**Records from a dataset:**
########################################
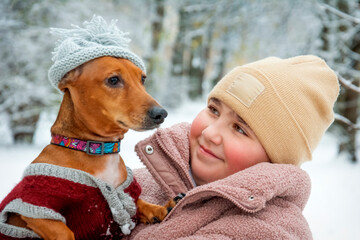 In winter, in a snowy forest, on a rainy day, a girl holds a taksus dog in her arms in a hat and clothes. The girl tenderly looks at the dog.
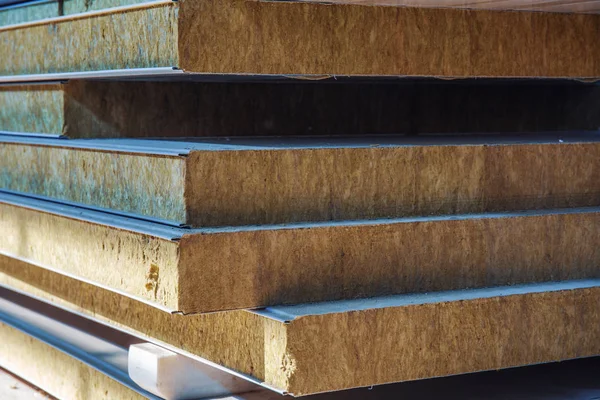 Stack of modern sandwich panel blocks from metal profile and wool foam for building warm and sound protected houses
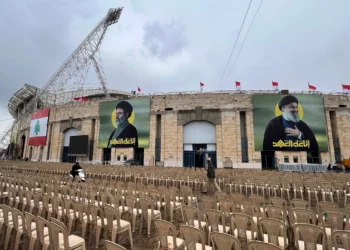 La gente pasa entre sillas instaladas en el exterior del estadio City Sportive de Beirut, un día antes de la procesión fúnebre de los líderes de Hezbolá Sayyed Hassan Nasrallah y Sayyed Hashem Safieddine, en Beirut, Líbano, el sábado 22 de febrero de 2025. (Foto AP/Hussein Malla)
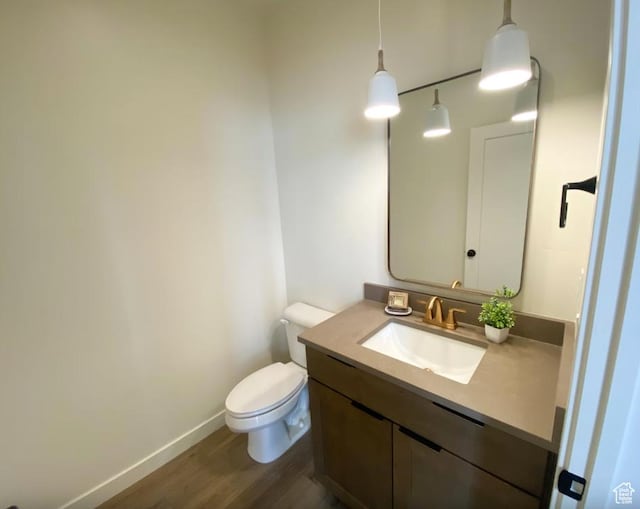 5894 N Canyon Rim Rd E Unit 621, Lehi, UT 84043 - half bathroom with wood finished floors, vanity, toilet, and baseboards
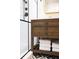 Rustic bathroom vanity with sleek fixtures and ample storage, complemented by stylish tile flooring at 923 Little Darby Ln, Suwanee, GA 30024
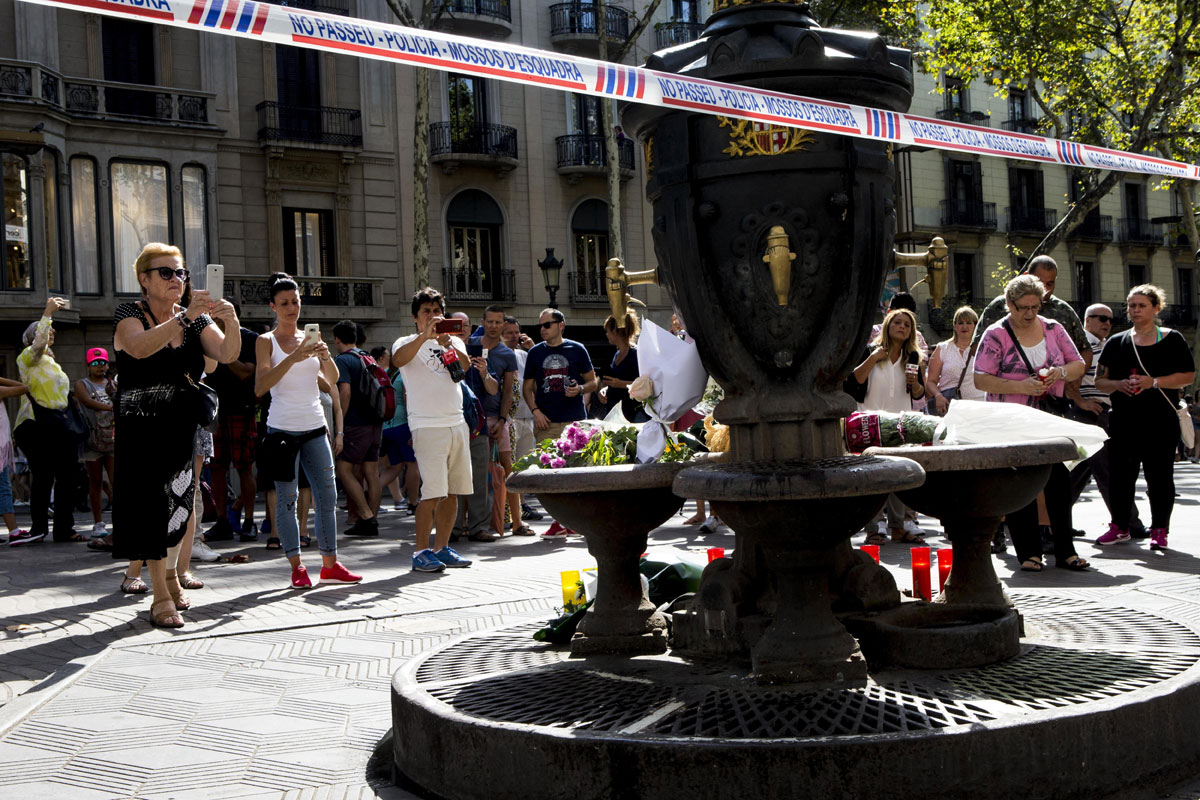 Varias personas fotografían la fuente de Canaletas, en las Ramblas de Barcelona, en la que se han depositado velas y flores después del atentado.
########################################
Set down the entries exactly as they appear, with every picture left out.

**TASK OUTPUT:**
 In winter, in a snowy forest, on a rainy day, a girl holds a taksus dog in her arms in a hat and clothes. The girl tenderly looks at the dog.
 Stack of modern sandwich panel blocks from metal profile and wool foam for building warm and sound protected houses
 La gente pasa entre sillas instaladas en el exterior del estadio City Sportive de Beirut, un día antes de la procesión fúnebre de los líderes de Hezbolá Sayyed Hassan Nasrallah y Sayyed Hashem Safieddine, en Beirut, Líbano, el sábado 22 de febrero de 2025. (Foto AP/Hussein Malla)
 5894 N Canyon Rim Rd E Unit 621, Lehi, UT 84043 - half bathroom with wood finished floors, vanity, toilet, and baseboards
 Rustic bathroom vanity with sleek fixtures and ample storage, complemented by stylish tile flooring at 923 Little Darby Ln, Suwanee, GA 30024
 Varias personas fotografían la fuente de Canaletas, en las Ramblas de Barcelona, en la que se han depositado velas y flores después del atentado.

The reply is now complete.